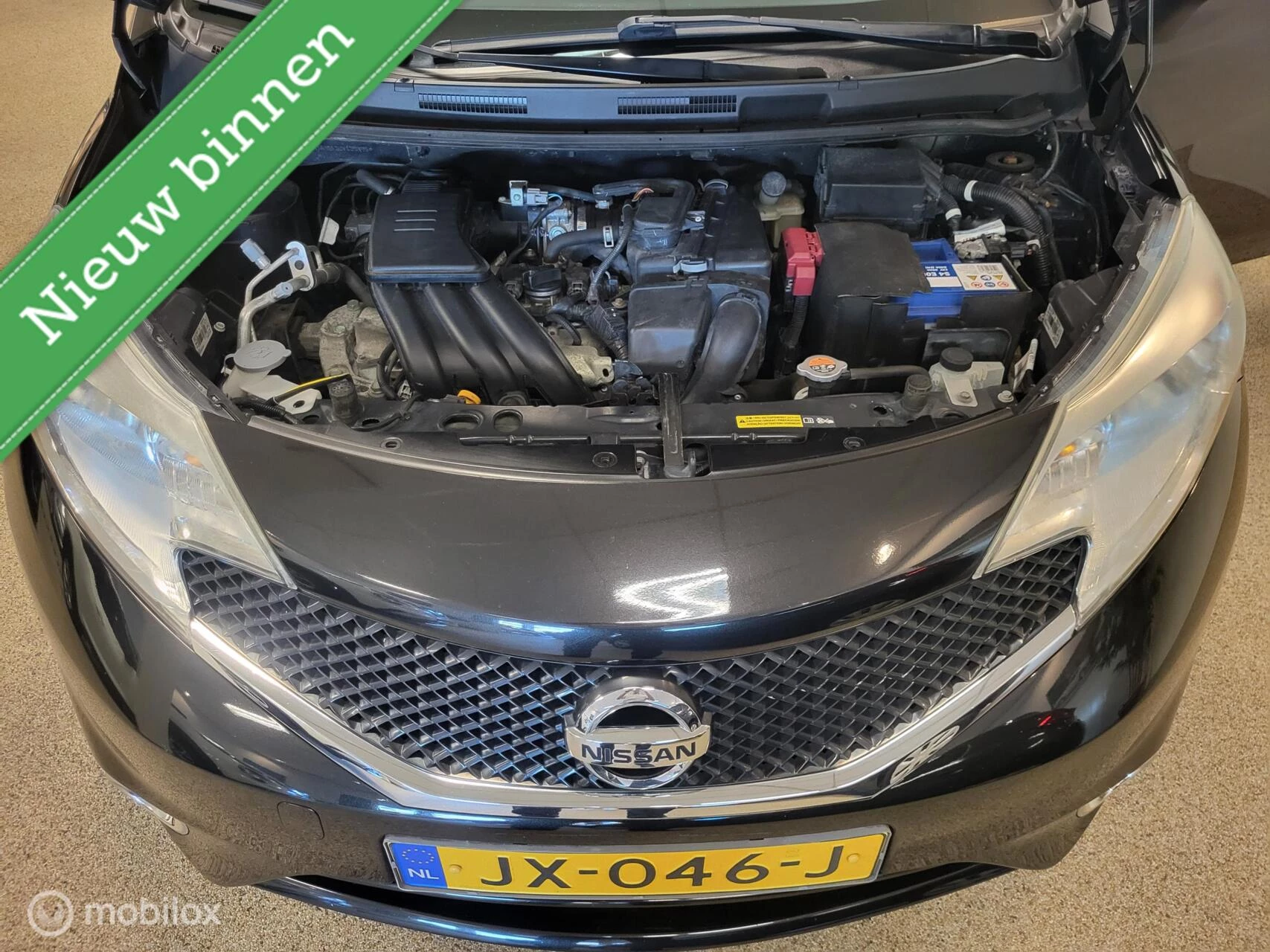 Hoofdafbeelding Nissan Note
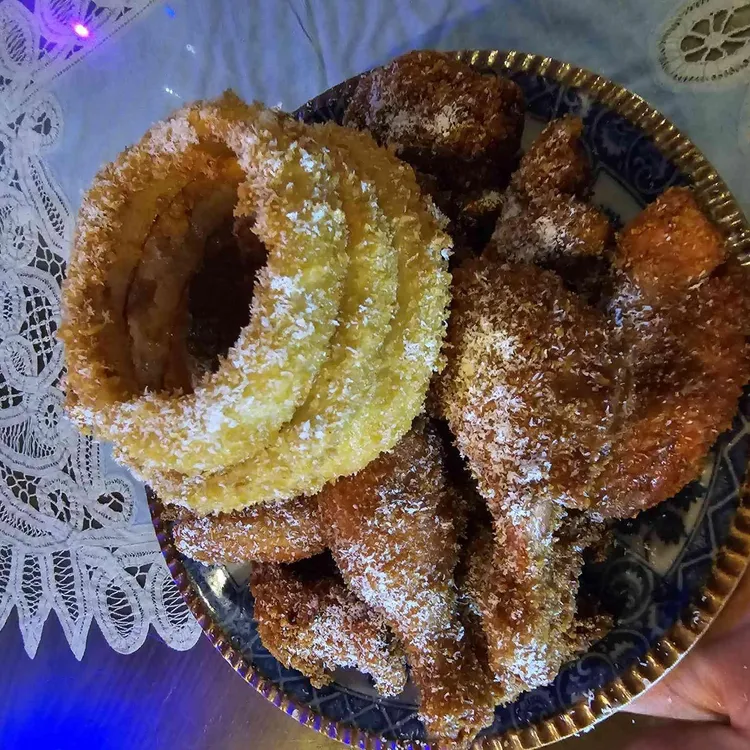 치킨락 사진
* * *
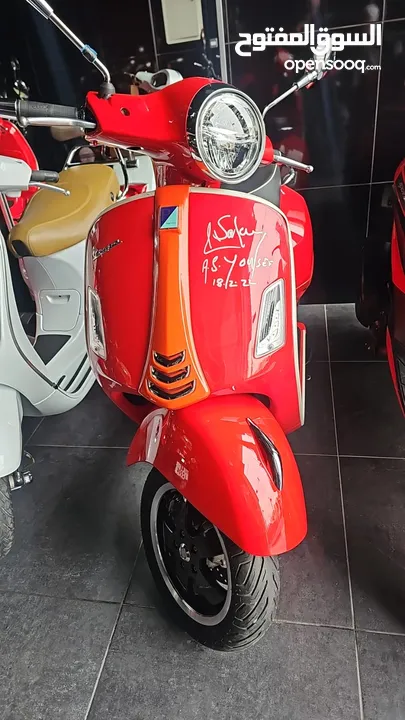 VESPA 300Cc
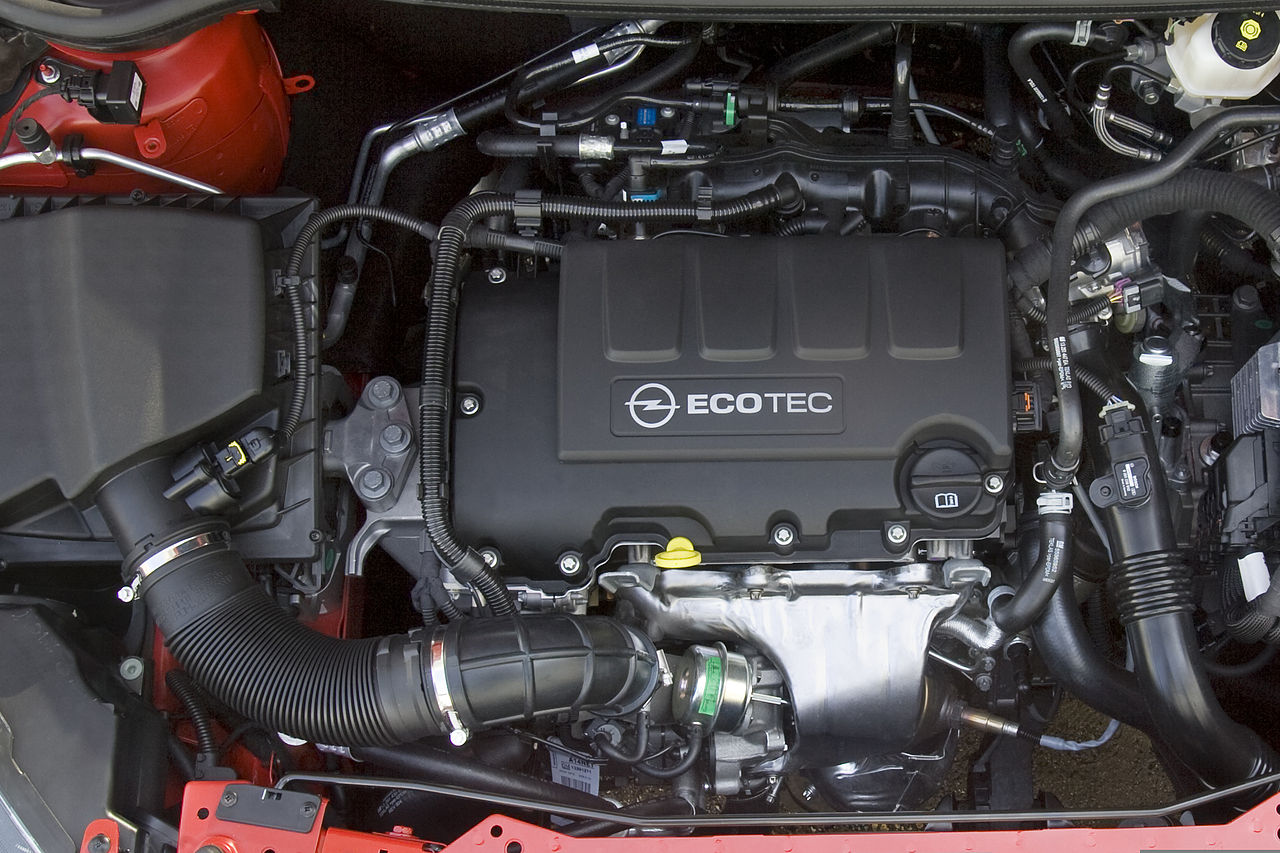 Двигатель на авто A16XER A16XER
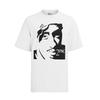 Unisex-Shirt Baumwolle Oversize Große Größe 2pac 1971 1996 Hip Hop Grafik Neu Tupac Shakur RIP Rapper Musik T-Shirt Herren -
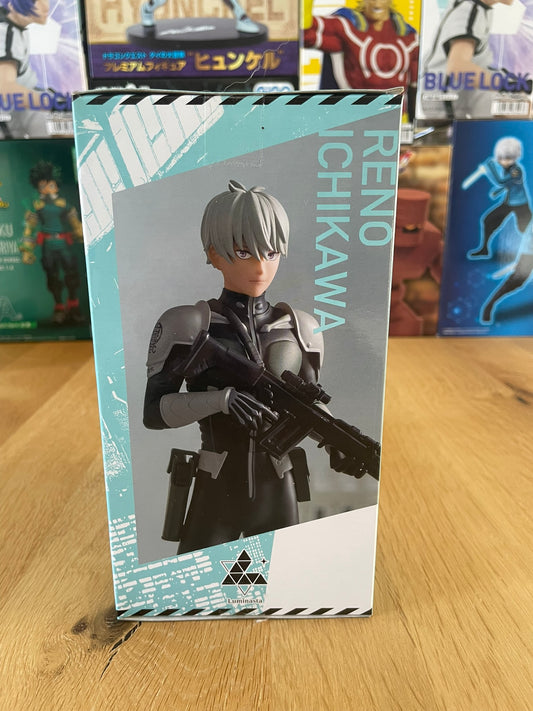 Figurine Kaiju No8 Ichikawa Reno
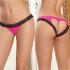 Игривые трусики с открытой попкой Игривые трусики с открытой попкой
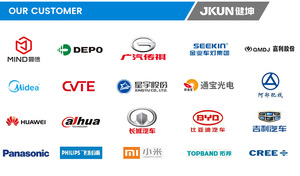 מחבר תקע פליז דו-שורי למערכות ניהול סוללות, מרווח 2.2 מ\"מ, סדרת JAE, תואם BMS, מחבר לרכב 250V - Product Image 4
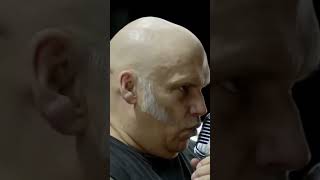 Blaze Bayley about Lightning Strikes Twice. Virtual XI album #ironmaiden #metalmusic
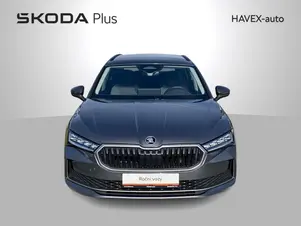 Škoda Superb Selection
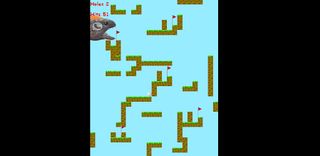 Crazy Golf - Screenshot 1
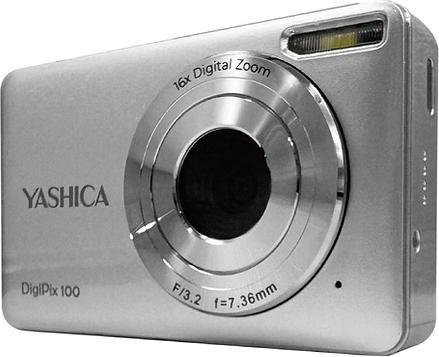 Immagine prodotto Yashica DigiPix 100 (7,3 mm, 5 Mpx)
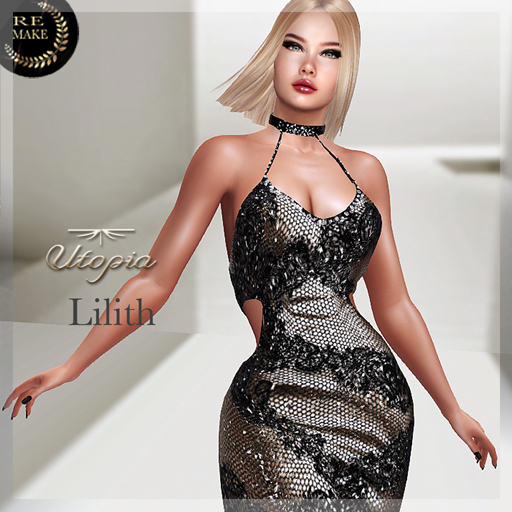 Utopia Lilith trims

Instructions to follow: In the records above, copy exactly everything from the line that has "VESPA 300Cc" down to the line that has "Utopia Lilith trims", both ends included, and leave out the pictures.

Answer box:
 VESPA 300Cc
 Двигатель на авто A16XER A16XER
 Unisex-Shirt Baumwolle Oversize Große Größe 2pac 1971 1996 Hip Hop Grafik Neu Tupac Shakur RIP Rapper Musik T-Shirt Herren -
 Figurine Kaiju No8 Ichikawa Reno
 Игривые трусики с открытой попкой Игривые трусики с открытой попкой
 מחבר תקע פליז דו-שורי למערכות ניהול סוללות, מרווח 2.2 מ\"מ, סדרת JAE, תואם BMS, מחבר לרכב 250V - Product Image 4
 Blaze Bayley about Lightning Strikes Twice. Virtual XI album #ironmaiden #metalmusic
 Škoda Superb Selection
 Crazy Golf - Screenshot 1
 Immagine prodotto Yashica DigiPix 100 (7,3 mm, 5 Mpx)
 Utopia Lilith trims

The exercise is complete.